Keywords:Arctic, wildfire, air pollution, PM2.5, machine learning, Siberia
Under the ongoing global warming, necessity of better forecasting on wildfires and its air pollutions is increasing. In the last year, we carried out a preliminary wildfire prediction using the areal-averaged monthly mean data over a large Siberian domain (Yasunari et al., 2018, presented at AGU Fall Meeting 2018: http://bit.ly/2PG1bmK). Here we extend our previous analysis of machine learning and prediction into the five separated domains over the Arctic and sub-Arctic regions over Eastern Eurasia including Siberia, East Asia, Far East, etc. We use the same monthly mean dataset during 2003-2017 as we did in the last year above (i.e., NASA’s FEER fire data, MODIS Snow Cover Fraction, SCF, Modern-Era Retrospective analysis for Research and Applications, Version 2, MERRA-2). The time periods of 2003–2014 and 2015–2017 focus on learning and prediction. Areal averaged data for objective (i.e., wildfire and air pollution variables) and explanatory variables (i.e., snow, temperature, wind, surface soil wetness, precipitation, geopotential height, etc.) over the defined five domains over Eastern Eurasia (Domain 1: 57°–70°N, 60°–90°E; Domain 2: 57°–70°N, 90°–140°E; Domain 3: 60°–70°N, 140°–180°E; Domain 4: 42.5°–57°N, 60°–90°E; Domain 5: 42.5°–57°N, 90°–140°E) are calculated, together with producing monthly time-lagged data for explanatory variables up to six months (i.e., total 174-month data available during 2003 and 2017). In addition, we made different areal-averaged fire pixel count data in which some smaller fires were removed with defined thresholds to remove expected human-made fires such as bonfires (i.e., assumed natural fire cases). If the areal-averaged fire data under the thresholds on a specific month showed no fire, we replaced that data to zero (i.e., used for our analyses but treated as zero fire data on that month).

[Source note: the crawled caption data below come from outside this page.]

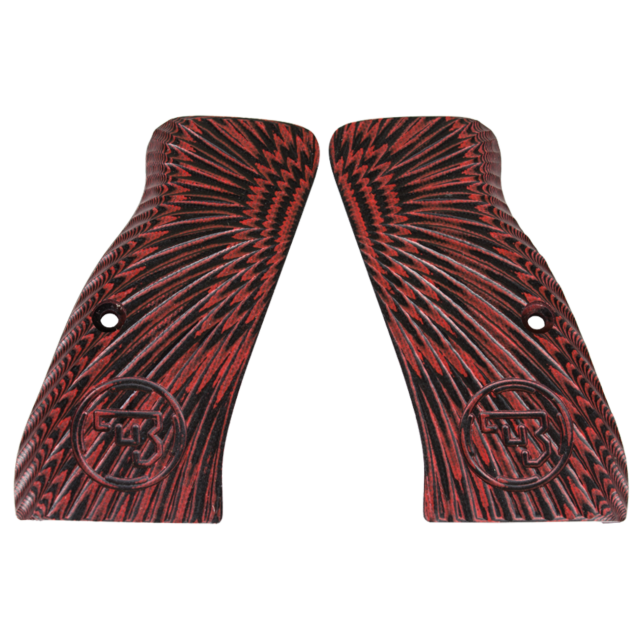 The CZ-USA 97 Grips in burst red/black feature an intricate starburst pattern and a circular logo with initials. Each grip includes an attachment hole and grooves for enhanced grip, showcasing beautiful design and functionality.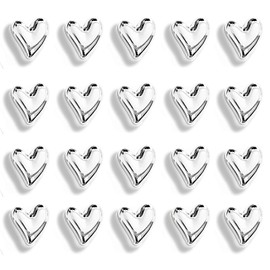 Janvelle 20PCS Silver Refrigerator Magnets Heart Cartoon Magnets for Fridge Cute Decorative Magnetic Stickers 0.79in Small Chrome Magnet Set Lovely Decoration for Office Whiteboard Home Kitchen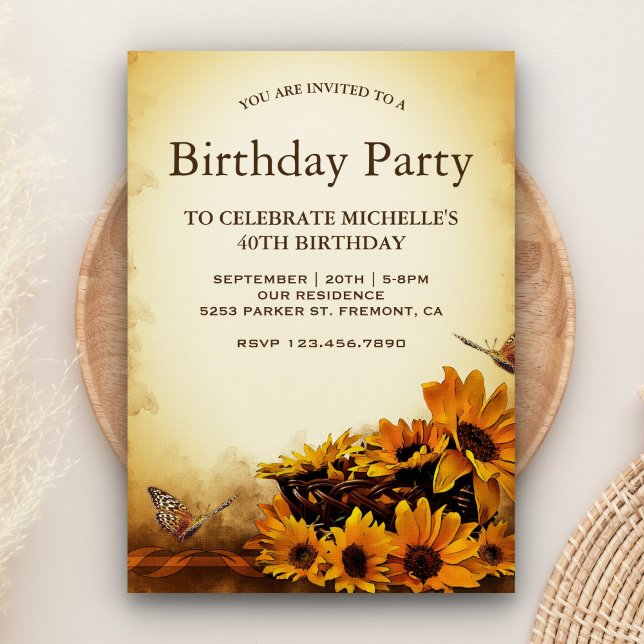 Vintage Floral Sunflowers Birthday Party Invitation (Creator Uploaded)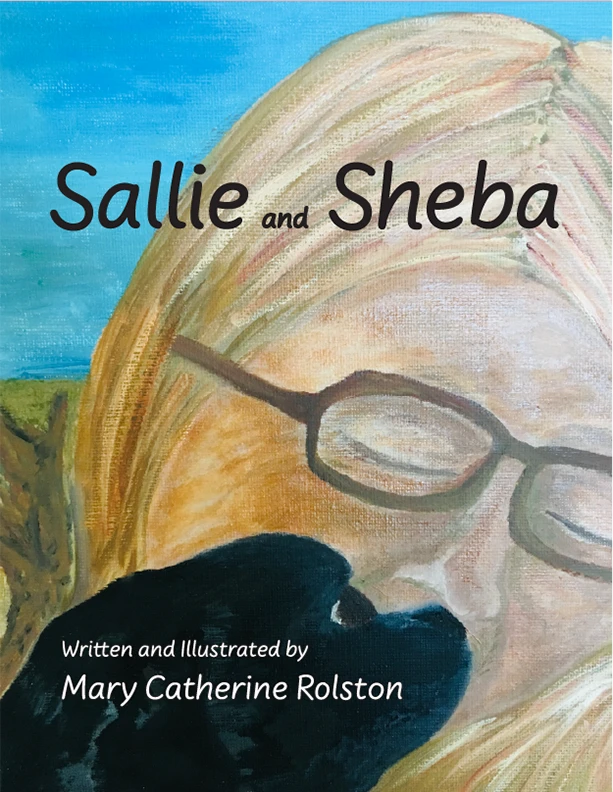 The front cover of the story Sallie and Sheba featuring a black dog snuggling up near a woman's face.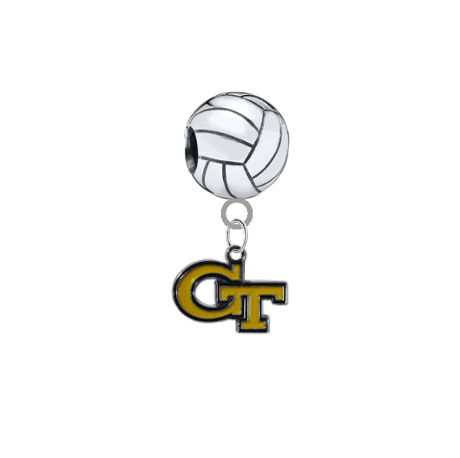 Georgia Tech Yellow Jackets Volleyball European Bracelet Charm (Pandora Compatible)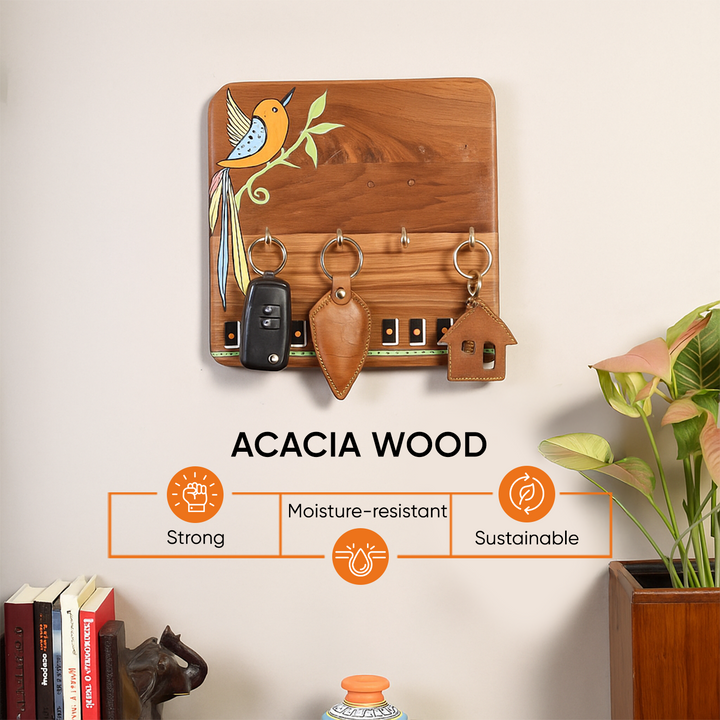 Kyoku Hand Painted Wooden Key Holder, Wall Mounted Key Hanger with Colorful Bird Art for Home and Entrywaydecor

Using Random Forest Regression, for example, in the machine learning, except for Domain 5, all the fire-included case showed the worse prediction score than those of the assumed natural fire cases. This implies that smaller fire cases, which were likely ignited by human activities or others, would be one of the causes for making wildfire predictions worse. However, over Domain 5, all the fire-included case showed the best probably because the assumed natural fire case was probably affected by the unusual large-scale wildfire events (i.e., outliers). These significantly large-scale wildfire cases also likely to make predictions worse because of not enough such cases existing in the training data (i.e., not frequent). In addition, these outliers might happen under unusual climatic and environmental conditions. How to include more large-scale fire cases in training data would be one of the important future targets on wildfire prediction with machine learning. On the day of the presentation, we’ll also show the results for air pollution prediction.